ASSIGNMENT ▸ Please repeat the records beneath this task exactly as they appear, but skip the images.
+++ SUPPLIED MATERIAL +++
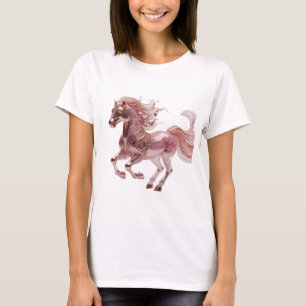 Witziges Silber ROSE GOLD PINK PFERD Modernes Desi T-Shirt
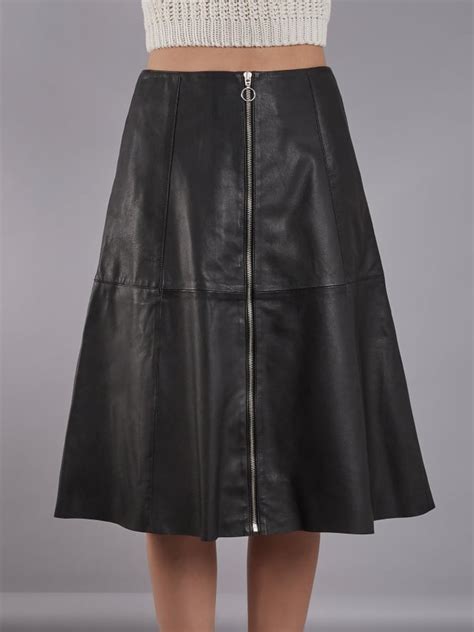 Muubaa Lotus Black Leather Midi Skirt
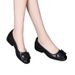 Scarpe basse singole da donna, suola morbida antiscivolo, comode, tacco spesso, scarpe piccole in pelle, scarpe da mamma alla moda da donna con testa rotonda_voghion.com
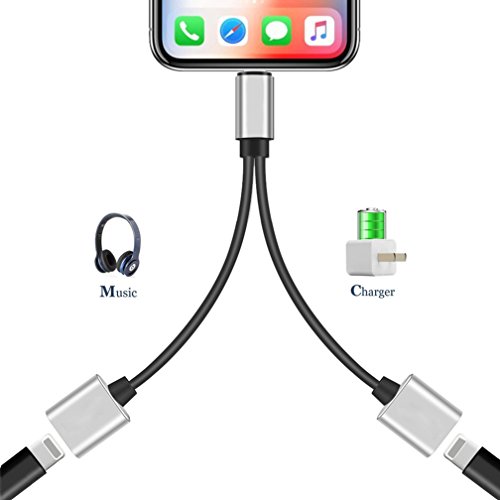 Cdyle Compatible 2 in 1 Headphone Jack Adaptor Aux Earphone Stereo Jack Adapter Ports Support Audio + Phone Call + Volume Control .Replacement for Phone X/7/7P/8/8P/10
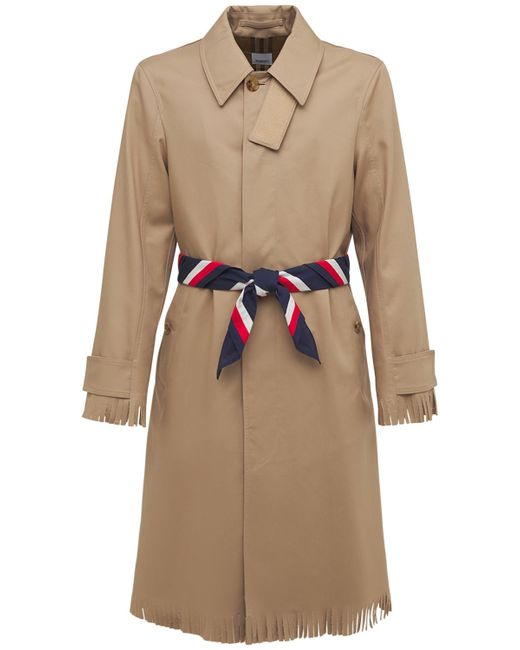 Burberry Cotton Trench Coat W Printed Belt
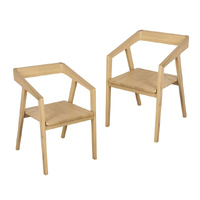 Kyoto Solid Oak Arm Chair - Set of 2 (Natural)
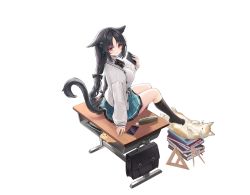 Rule 34 | 1girl, :3, alic miao, alternate costume, animal ears, azur lane, bag, black hair, book, braid, breasts, cat, cat ears, cat girl, cat tail, cellphone, desk, green skirt, highres, large breasts, long hair, long sleeves, looking at viewer, manjuu (azur lane), notebook, official alternate costume, official art, on desk, ooshio (azur lane), ooshio (let&#039;s &#039;ave lunch) (azur lane), pencil case, phone, red eyes, school bag, school desk, school uniform, shirt, sitting, on desk, skirt, smartphone, smile, square, tail, transparent background, triangle, twin braids, white shirt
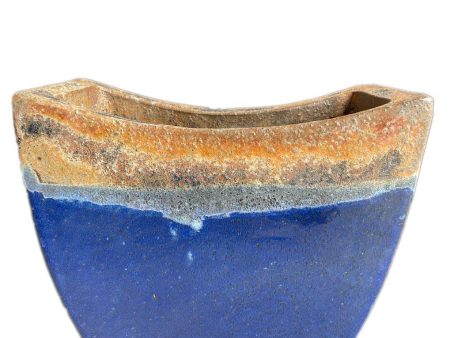 8834S51FS - Angkor Blue Ceramic Crescent Planter - FREE SHIPPING on Sale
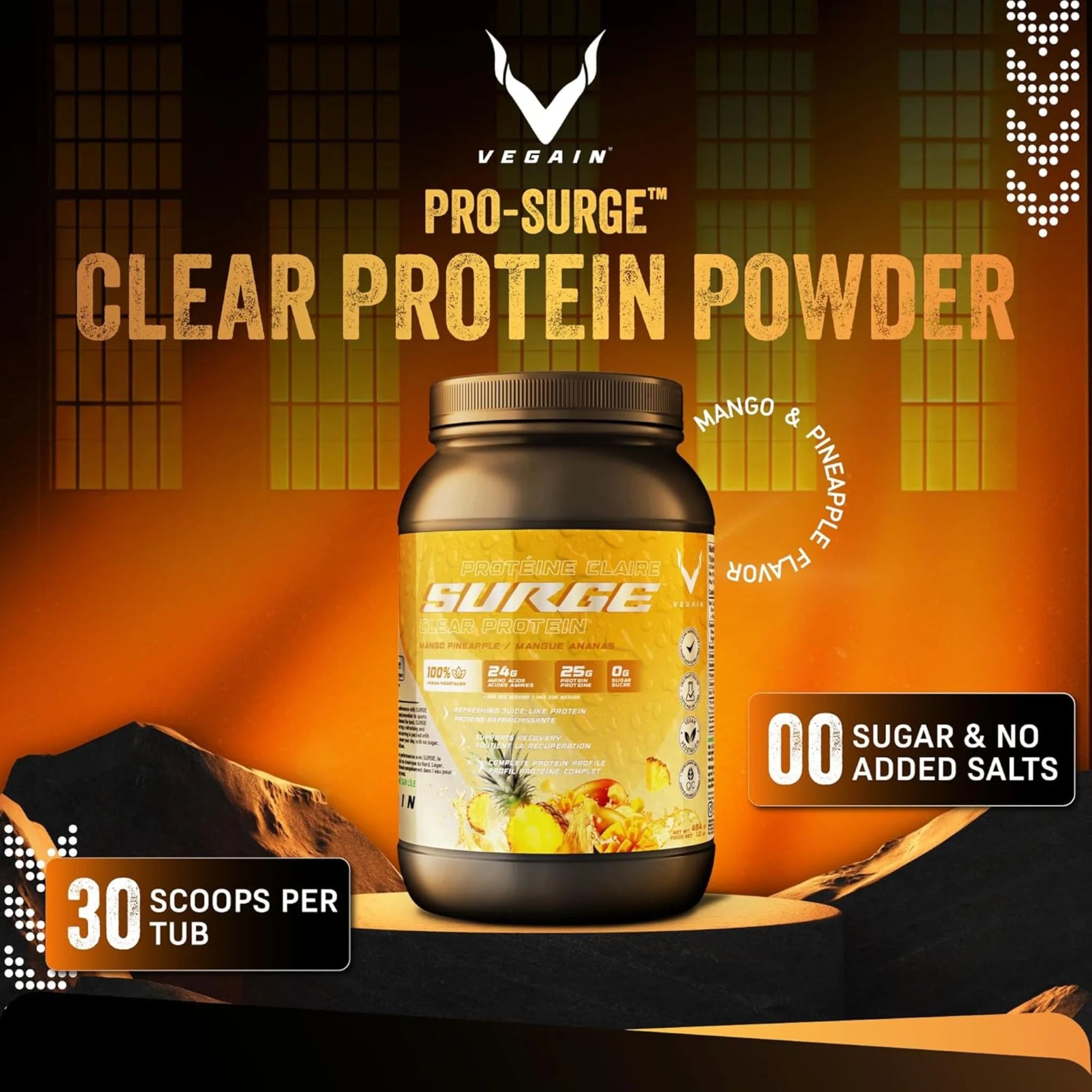 VEGAIN SURGE Clear Vegan Isolate Mango Pineapple 454g - Nature's Source Inc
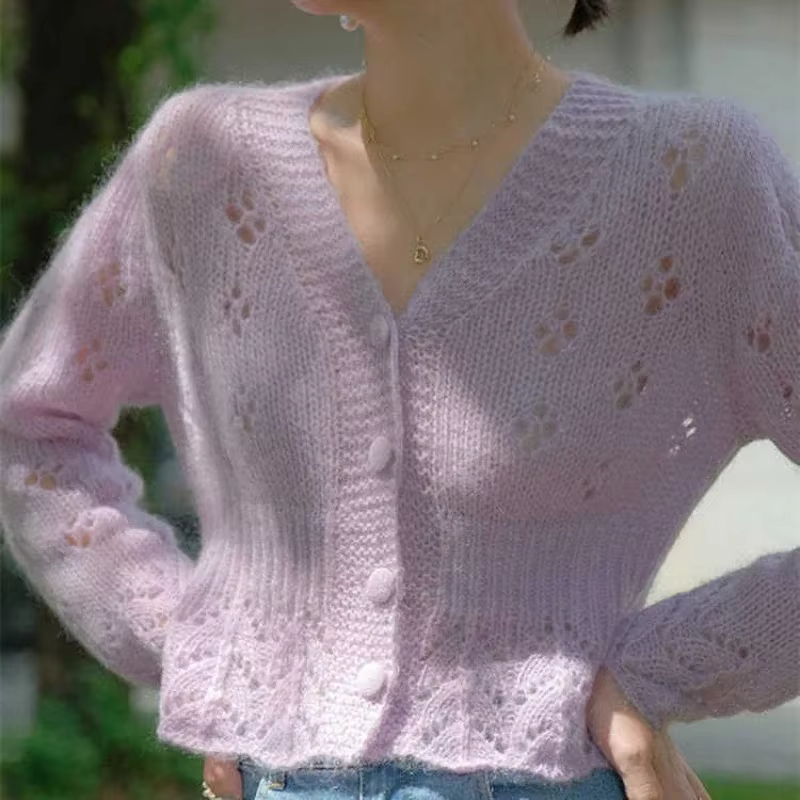 Pull en tricot bleu court à col en V pour femme, cardigan Kawaii, boutonné, mignon, vintage des années 90, hiver automne, pour femmes, tenues d'hiver, mode kawaii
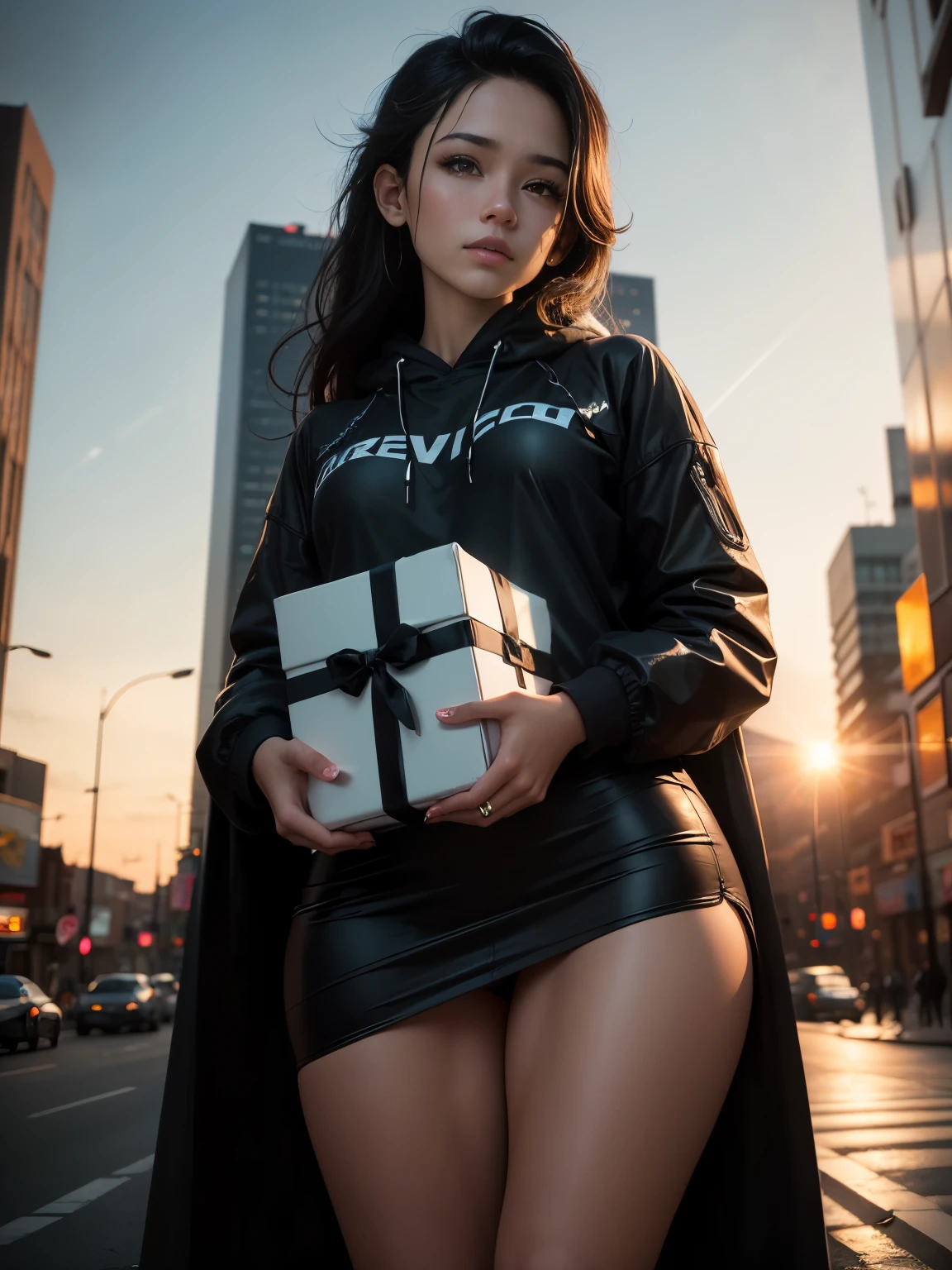 Tumblr-style city photoshoot with the Canon EOS Mark V, - 80mm anamorphic lens, ISO 100, Shutter speed 1/1450s, Autofocus perfectly captures the depth between shots, ultra sharp image, Perfect contrast and color, sunset time, A cyberpunk city with a futuristic atmosphere with neon lights in the background, The model is the incredible actress Jenna Ortega, holding a big gift box, A well-defined face, Well-detailed, honey-colored eyes, Face and hands, Ultra contoured hair line by line, Perfect tanned skin, reflecting the dim light of the sunset, beutiful elegant photography, Make the look natural and casual, holding a big gift box, (front view:1.5),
+++
YOUR SOLUTION ▸
 Witziges Silber ROSE GOLD PINK PFERD Modernes Desi T-Shirt
 Muubaa Lotus Black Leather Midi Skirt
 Scarpe basse singole da donna, suola morbida antiscivolo, comode, tacco spesso, scarpe piccole in pelle, scarpe da mamma alla moda da donna con testa rotonda_voghion.com
 Cdyle Compatible 2 in 1 Headphone Jack Adaptor Aux Earphone Stereo Jack Adapter Ports Support Audio + Phone Call + Volume Control .Replacement for Phone X/7/7P/8/8P/10
 Burberry Cotton Trench Coat W Printed Belt
 Kyoto Solid Oak Arm Chair - Set of 2 (Natural)
 Rule 34 | 1girl, :3, alic miao, alternate costume, animal ears, azur lane, bag, black hair, book, braid, breasts, cat, cat ears, cat girl, cat tail, cellphone, desk, green skirt, highres, large breasts, long hair, long sleeves, looking at viewer, manjuu (azur lane), notebook, official alternate costume, official art, on desk, ooshio (azur lane), ooshio (let&#039;s &#039;ave lunch) (azur lane), pencil case, phone, red eyes, school bag, school desk, school uniform, shirt, sitting, on desk, skirt, smartphone, smile, square, tail, transparent background, triangle, twin braids, white shirt
 8834S51FS - Angkor Blue Ceramic Crescent Planter - FREE SHIPPING on Sale
 VEGAIN SURGE Clear Vegan Isolate Mango Pineapple 454g - Nature's Source Inc
 Pull en tricot bleu court à col en V pour femme, cardigan Kawaii, boutonné, mignon, vintage des années 90, hiver automne, pour femmes, tenues d'hiver, mode kawaii
 Tumblr-style city photoshoot with the Canon EOS Mark V, - 80mm anamorphic lens, ISO 100, Shutter speed 1/1450s, Autofocus perfectly captures the depth between shots, ultra sharp image, Perfect contrast and color, sunset time, A cyberpunk city with a futuristic atmosphere with neon lights in the background, The model is the incredible actress Jenna Ortega, holding a big gift box, A well-defined face, Well-detailed, honey-colored eyes, Face and hands, Ultra contoured hair line by line, Perfect tanned skin, reflecting the dim light of the sunset, beutiful elegant photography, Make the look natural and casual, holding a big gift box, (front view:1.5),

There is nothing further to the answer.